Records supplied:
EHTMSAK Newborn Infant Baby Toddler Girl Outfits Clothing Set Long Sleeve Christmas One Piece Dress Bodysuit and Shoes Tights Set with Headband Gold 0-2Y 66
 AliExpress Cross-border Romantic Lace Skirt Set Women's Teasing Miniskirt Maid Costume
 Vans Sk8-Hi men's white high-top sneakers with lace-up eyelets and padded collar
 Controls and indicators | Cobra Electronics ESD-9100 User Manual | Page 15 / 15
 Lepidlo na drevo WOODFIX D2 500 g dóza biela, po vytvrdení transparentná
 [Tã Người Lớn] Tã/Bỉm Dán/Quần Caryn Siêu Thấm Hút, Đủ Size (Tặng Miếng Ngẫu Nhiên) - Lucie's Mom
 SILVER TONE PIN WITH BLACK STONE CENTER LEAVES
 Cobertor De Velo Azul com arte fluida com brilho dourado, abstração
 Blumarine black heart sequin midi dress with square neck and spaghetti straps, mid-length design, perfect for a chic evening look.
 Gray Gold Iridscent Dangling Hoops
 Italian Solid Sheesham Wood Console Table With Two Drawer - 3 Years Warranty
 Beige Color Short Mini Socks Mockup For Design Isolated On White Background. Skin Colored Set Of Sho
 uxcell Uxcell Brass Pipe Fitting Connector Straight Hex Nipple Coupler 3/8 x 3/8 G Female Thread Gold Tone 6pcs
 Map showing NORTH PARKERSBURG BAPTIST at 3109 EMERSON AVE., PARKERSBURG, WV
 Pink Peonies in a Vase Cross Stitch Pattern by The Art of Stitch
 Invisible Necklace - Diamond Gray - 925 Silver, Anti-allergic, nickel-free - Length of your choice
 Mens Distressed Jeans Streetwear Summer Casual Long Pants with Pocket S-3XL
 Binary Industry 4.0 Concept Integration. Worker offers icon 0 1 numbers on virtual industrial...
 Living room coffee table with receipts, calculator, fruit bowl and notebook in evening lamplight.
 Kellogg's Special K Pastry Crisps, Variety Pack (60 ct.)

Task statement:
The first line of the entries above and every line after it, up to and including the line with "[Tã Người Lớn]", should be set down exactly.

Your solution:
EHTMSAK Newborn Infant Baby Toddler Girl Outfits Clothing Set Long Sleeve Christmas One Piece Dress Bodysuit and Shoes Tights Set with Headband Gold 0-2Y 66
 AliExpress Cross-border Romantic Lace Skirt Set Women's Teasing Miniskirt Maid Costume
 Vans Sk8-Hi men's white high-top sneakers with lace-up eyelets and padded collar
 Controls and indicators | Cobra Electronics ESD-9100 User Manual | Page 15 / 15
 Lepidlo na drevo WOODFIX D2 500 g dóza biela, po vytvrdení transparentná
 [Tã Người Lớn] Tã/Bỉm Dán/Quần Caryn Siêu Thấm Hút, Đủ Size (Tặng Miếng Ngẫu Nhiên) - Lucie's Mom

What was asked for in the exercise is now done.